Jan 16, 2014, 2:53:57 PM1/16/14

to mongod...@googlegroups.com

Jon, you have missed an important part of my answer.

I'll try to summarize:

1) Check the approximate size of records on 1 shard (to make a decision about query limit size (to make mongos quering as less instances as posible)

2) Query number of records

3) Do (2) in parallel threads. Quering in 1 thread is nearly useless.

I can't forget about indexes, cause its 1 of a cornerstones. Check the fragmentation, may be its time to rebuild them.

четверг, 16 января 2014 г., 17:52:57 UTC+4 пользователь Jon написал:

Jonathan Hyman

unread,

Jan 16, 2014, 3:56:52 PM1/16/14

to mongod...@googlegroups.com

How do you imagine doing (2) in parallel?
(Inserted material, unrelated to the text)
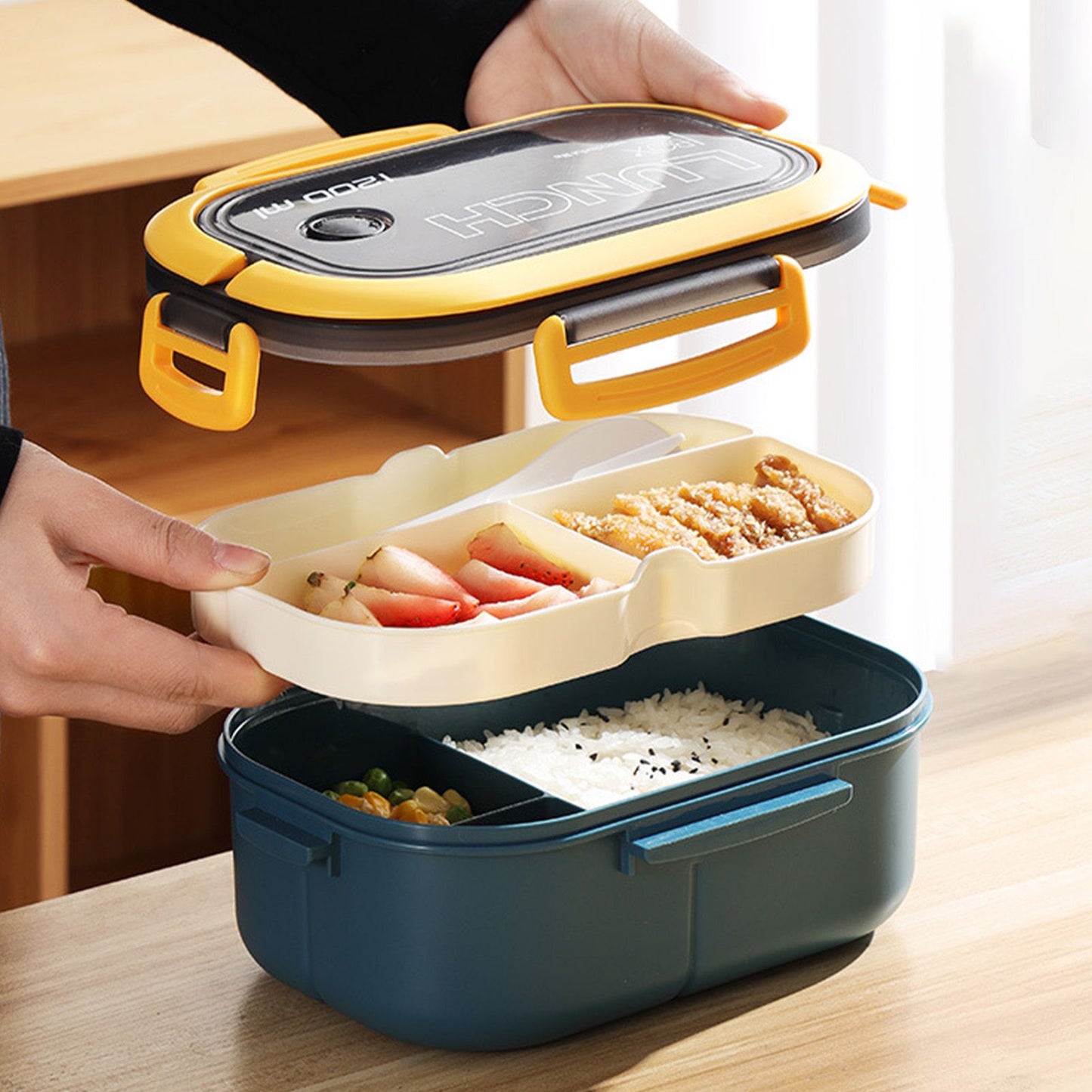 1200ml Bento Lunch Box Double Layer Insulation Lunch Box Container with Fork Spoon for Students Office V1294-YM0512-3118220267412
Via range queries as I mention below?

Asya Kamsky

unread,

Jan 17, 2014, 1:33:21 AM1/17/14

to mongodb-user

You're currently getting 10K at a time - I would imagine doing range
partitioning such that multiple threads are each getting 10K
(non-overlapping records) would be the approach...

Then you're basically only limited by network bandwidth...

> You received this message because you are subscribed to the Google Groups
> "mongodb-user" group.
> To unsubscribe from this group and stop receiving emails from it, send an

Jonathan Hyman

unread,

Jan 17, 2014, 8:54:49 AM1/17/14

to mongod...@googlegroups.com

Okay great, glad to hear that my idea for _id partitioning wasn't prohibitive. Thanks, Asya and Eugeniy.

eugeniy....@gmail.com

unread,

Jan 19, 2014, 2:37:10 PM1/19/14

to mongod...@googlegroups.com

Jon, you didn't tell anything about your tools.

Usually, I use .net, so its not a problem to make a couple of queries to the shard in separate threads and then do something with the results.

пятница, 17 января 2014 г., 0:56:52 UTC+4 пользователь Jon написал:

Jonathan Hyman

unread,

Jan 19, 2014, 4:11:22 PM1/19/14

to mongod...@googlegroups.com

I was asking more for approach, I don't need code samples or anything. Basically was wondering if it made sense to make, say, 10 queries to cover different ranges or if there was something else I should be doing. I've coded up the method described below where I index on {a:1, _id:1} and make queries in parallel on different threads across different _id ranges based on the age of the data.